Freedom is the right to share, share fully and equally, in American society—to vote, to hold a job, to enter a public place, to go to school. It is the right to be treated in every part of our national life as a person equal in dignity and promise to all others.
But freedom is not enough. . . . You do not take a person who, for years, has been hobbled by chains and liberate him, bring him up to the starting line of a race and then say, “You are free to compete with all the others,” and still justly believe that you have been completely fair.
Thus it is not enough just to open the gates of opportunity. All our citizens must have the ability to walk through those gates. And this is the next and the more profound stage of the battle for civil rights.
We seek not just freedom but opportunity. We seek not just legal equity but human ability, not just equality as a right and a theory, but equality as a fact, and equality as a result.

Johnson defined equal opportunity as the gateway to equal results. This could not mean that every individual would end up with equal resources, but it did mean that equal outcomes should hold across racial groups. On average, Black students would graduate from high school at roughly the same rates as whites, go on to university at the same rates, get bachelors’ degrees at the same rates, and so on. (The same would be true of indigenous and Latino students—indeed students from any racial group.) With visible and structural inequalities truly undone, Blacks as a group would come to earn, on average, the same as whites in employment after college, and their family wealth would soon become comparable (rather than get stuck at 15 percent of white wealth, where it has lingered for years). A similar line of thought lay behind the Equal Rights Amendment to the Constitution: women should earn the same as men. On this conception, justice entails not the right to compete to be equal—as had been done for centuries—but being equal in fact.

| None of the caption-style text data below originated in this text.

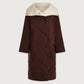 Annalise Reversible Wrap Coat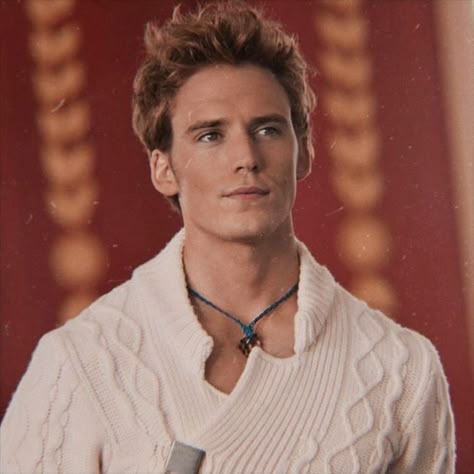 Finicky Odair Icon, Finnick Odair Icons, Sam Calfin, Hunger Games Finnick, Finnick Odair, Donald Sutherland, Sam Claflin, Hunger Games 3, Dream Boyfriend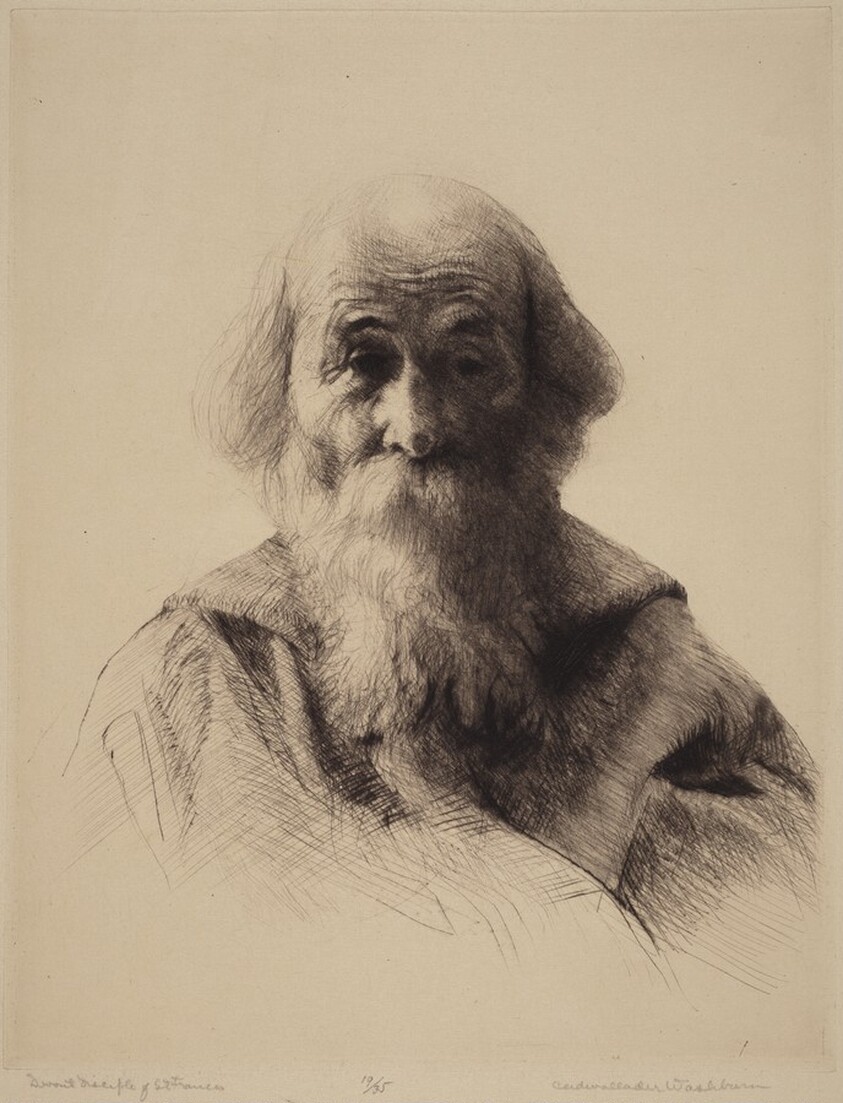 Devout Disciple of Saint Francis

Johnson said the quiet part out loud—the part that Baum, McPherson, and Orfield cannot bring themselves to say even today. The argument of his Howard speech is the only coherent theory of civil rights: if no racial group is innately inferior to another and opportunity is genuinely equally distributed, then we should expect to see equal outcomes across groups. The upshot is that if a social system is producing unequal group outcomes, the only reasonable conclusion is that opportunities are not distributed equally. This is what Johnson was saying. It is what the Black Power movement was saying. And it is what Martin Luther King, Jr., was saying with increasing vehemence from 1965 through 1968 as Johnson and the Democratic Party got cold feet.

The quiet part generally went quiet again as liberals and progressives tried to preserve and extend civil rights gains in the face of vigorous white opposition. But equality is the civil rights logic that any accurate analysis of educational outcomes must reckon with, even while acknowledging the successes and likelihood of backlash. Equal opportunity and equal outcomes are not the same concept, but they are inevitably connected, and the connection was always in view during the height of civil rights enforcement.